In 2011 Cairn India merged with Vedanta Resources, another Indian mining conglomerate. The Indian Income Tax Department sought to tax a capital gain of around Rs 24,500 crore on these transfers of the capital assets of the Cairn India business.

Source taxation

The capital gains reflected growth and the increase in value in Indian-based business assets. India sought to subject these Indian-based gains to taxation based on their source in India.

Vodafone contested their assessment and was successful before the Supreme Court of India. The Supreme Court found that the Indian Tax Department couldn’t tax VIHBV, a non-resident, on gains it realised in the Vodafone re-organisation as there was no relevant capital asset of VIHBV of, or facilitation of a look-through to a capital asset in, the Indian Income-tax Act 1961 in its pre-amendment version.

Following that loss in the Supreme Court the Indian government amended the Income-tax Act 1961 with the Finance Act 2012 to retrospectively target indirect gains made by non-residents on realisation of Indian capital assets. Section 9(1)(i) of the Income-tax Act 1961, with retrospective effect from 1961, treats income in the nature of capital gains from the direct or indirect transfers of Indian capital assets between non-residents as Indian-sourced income.

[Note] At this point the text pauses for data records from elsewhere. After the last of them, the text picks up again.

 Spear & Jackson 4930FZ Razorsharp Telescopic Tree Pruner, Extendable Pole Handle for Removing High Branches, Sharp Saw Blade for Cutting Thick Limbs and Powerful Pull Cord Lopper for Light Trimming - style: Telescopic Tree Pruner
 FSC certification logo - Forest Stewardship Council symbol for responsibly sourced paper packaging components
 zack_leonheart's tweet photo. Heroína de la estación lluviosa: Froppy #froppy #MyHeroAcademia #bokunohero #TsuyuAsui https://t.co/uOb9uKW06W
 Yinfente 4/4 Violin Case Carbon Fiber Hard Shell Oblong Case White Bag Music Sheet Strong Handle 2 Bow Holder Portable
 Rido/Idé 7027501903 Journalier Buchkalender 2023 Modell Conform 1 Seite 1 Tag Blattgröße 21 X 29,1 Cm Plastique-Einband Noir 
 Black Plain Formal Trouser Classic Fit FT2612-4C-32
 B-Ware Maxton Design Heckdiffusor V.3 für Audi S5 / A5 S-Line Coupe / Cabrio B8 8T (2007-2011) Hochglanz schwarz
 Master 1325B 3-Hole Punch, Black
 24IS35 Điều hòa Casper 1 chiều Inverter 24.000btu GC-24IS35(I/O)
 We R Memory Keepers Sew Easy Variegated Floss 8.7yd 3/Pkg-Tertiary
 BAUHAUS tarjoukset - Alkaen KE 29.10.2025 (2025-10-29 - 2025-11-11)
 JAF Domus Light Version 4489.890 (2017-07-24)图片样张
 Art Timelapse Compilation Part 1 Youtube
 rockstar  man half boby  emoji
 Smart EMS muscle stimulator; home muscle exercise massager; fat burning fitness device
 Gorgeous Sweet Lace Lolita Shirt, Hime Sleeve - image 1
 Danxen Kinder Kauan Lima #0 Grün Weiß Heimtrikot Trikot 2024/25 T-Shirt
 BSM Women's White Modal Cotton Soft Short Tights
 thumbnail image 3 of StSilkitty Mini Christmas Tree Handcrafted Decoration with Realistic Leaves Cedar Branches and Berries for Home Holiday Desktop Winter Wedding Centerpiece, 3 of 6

The retrospectivity was justified as a “clarification” of how the Indian tax law is to apply but the impact of the amendment suggest this government descriptor was euphemistic.

Comparison with Australian tax on indirect gains on non-residents’ assets

There is no comparable between Section 9(1)(i) of the Income-tax Act 1961 of India and the Australian and most other taxation systems where source taxation of gains on moveable assets made by non-residents is generally not pursued unless the non-resident has a direct interest in an asset used in a local business permanent establishment.

Australia has conformed with OECD model treaty conventions, and so most Australian treaties are based on, or are comparable to the OECD model convention which provides:

4. Gains derived by a resident of a Contracting State from the alienation of shares deriving more than 50 per cent of their value directly or indirectly from immovable property situated in the other Contracting State may be taxed in that other State.

Article 13(4) of the OECD model convention

This substantially confines when Australia and these other places will tax non-residents on their disposals of shares in companies. That is the source country only taxes gains on shares of a non-resident who is resident of the other treaty state where shares reflect immovable interests such as in real estate, mines, forests, fisheries etc.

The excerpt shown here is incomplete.